- **GIVEN INFORMATION**
_ _ _
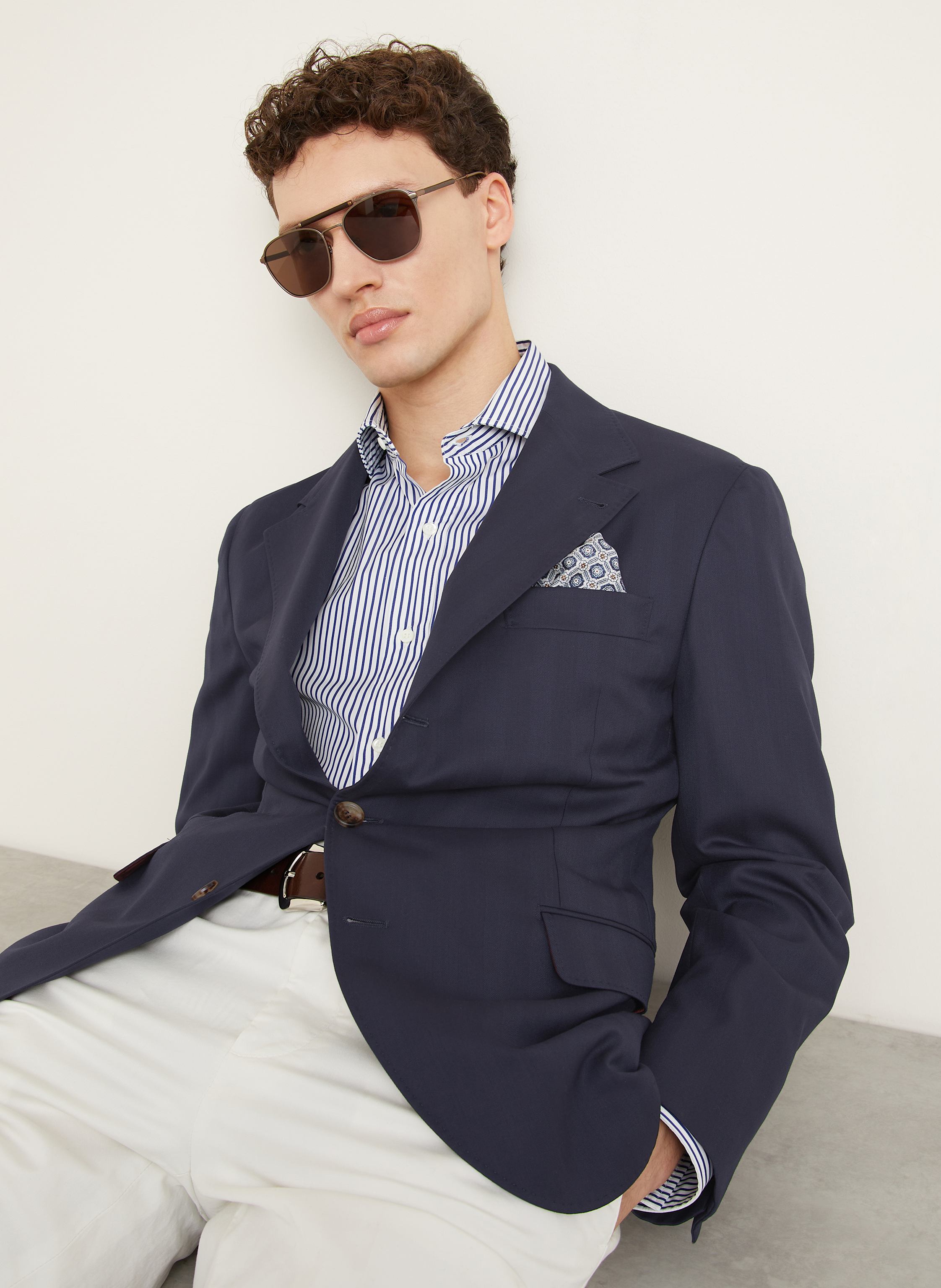 Thumbnail - Brunello Cucinelli Anzugsakko Extra Slim Fit blau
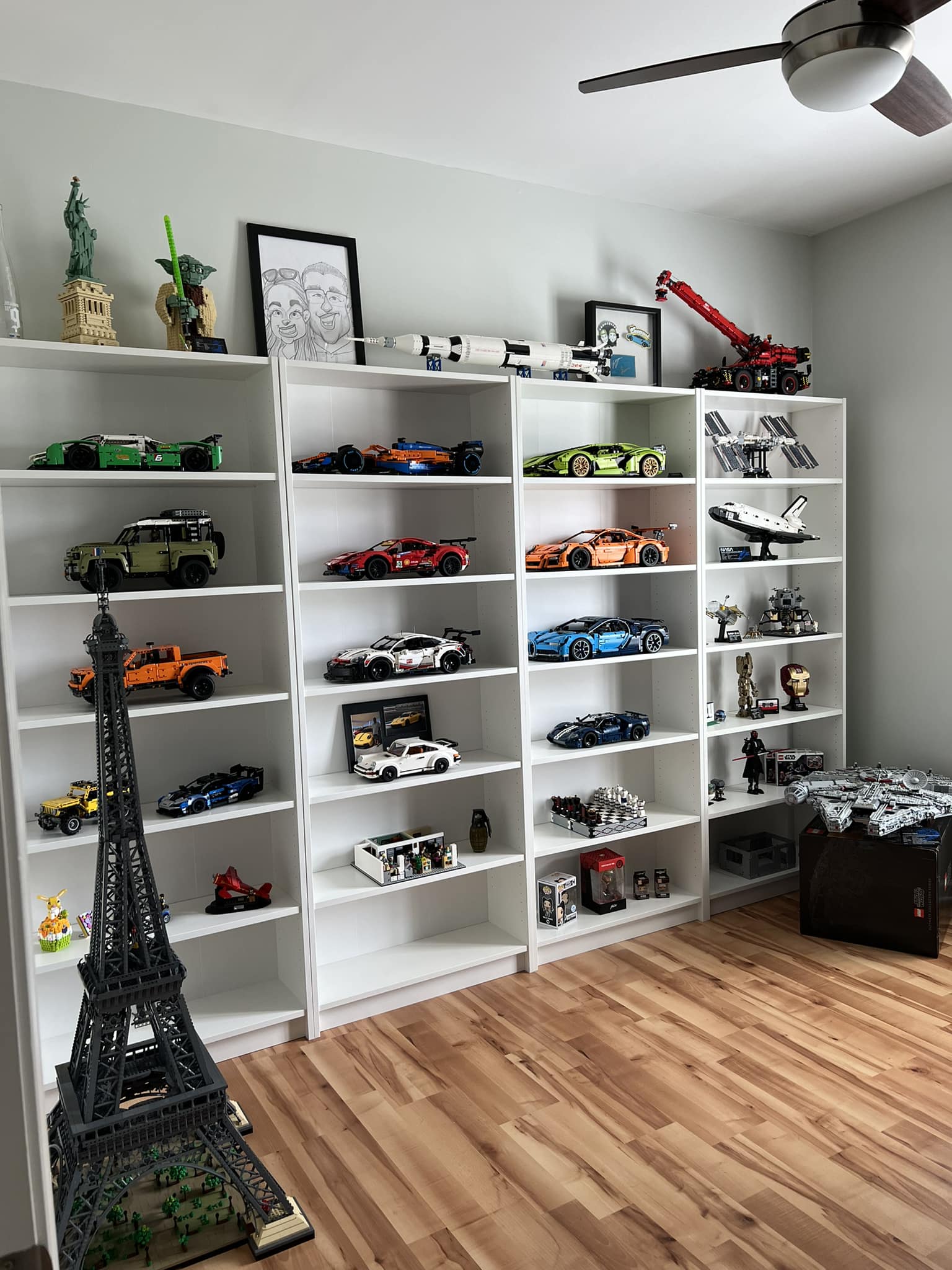 My LEGO Display Room via Ricky Reddock - Beyond the Brick | Facebook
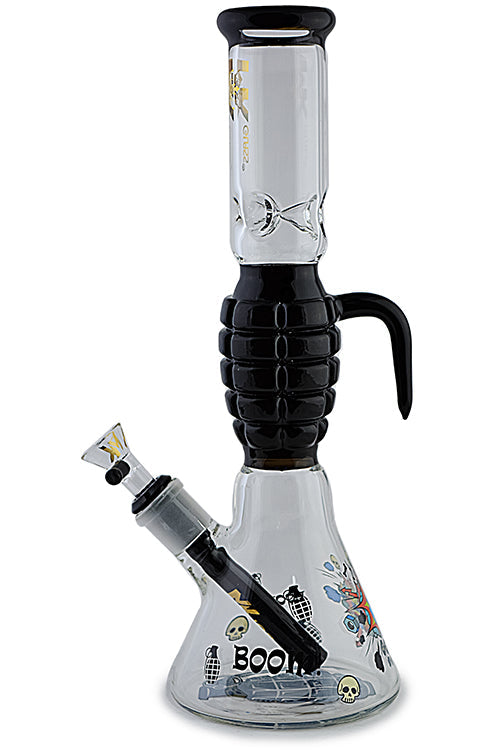 MK Glass Grenade Water Pipe by MK Glass - view 16 | Buddy Brandz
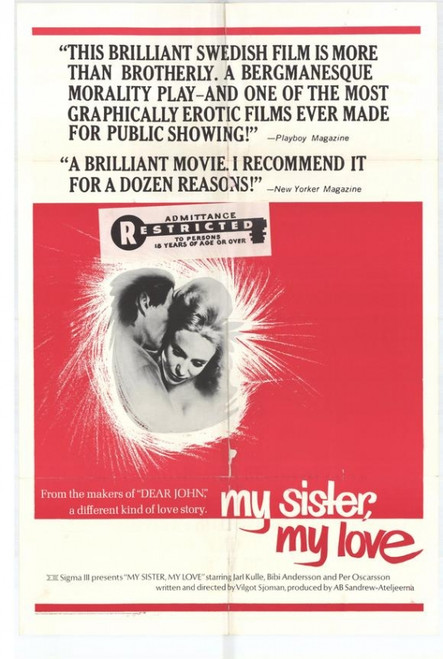 My Sister, My Love Movie Poster Print (11 x 17) - Item # MOVEE7088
_ _ _
- **WHAT YOU SHOULD DO**
From the data above, write out everything exactly except the pictures.

- **WRITTEN ANSWER**
 Thumbnail - Brunello Cucinelli Anzugsakko Extra Slim Fit blau
 My LEGO Display Room via Ricky Reddock - Beyond the Brick | Facebook
 MK Glass Grenade Water Pipe by MK Glass - view 16 | Buddy Brandz
 My Sister, My Love Movie Poster Print (11 x 17) - Item # MOVEE7088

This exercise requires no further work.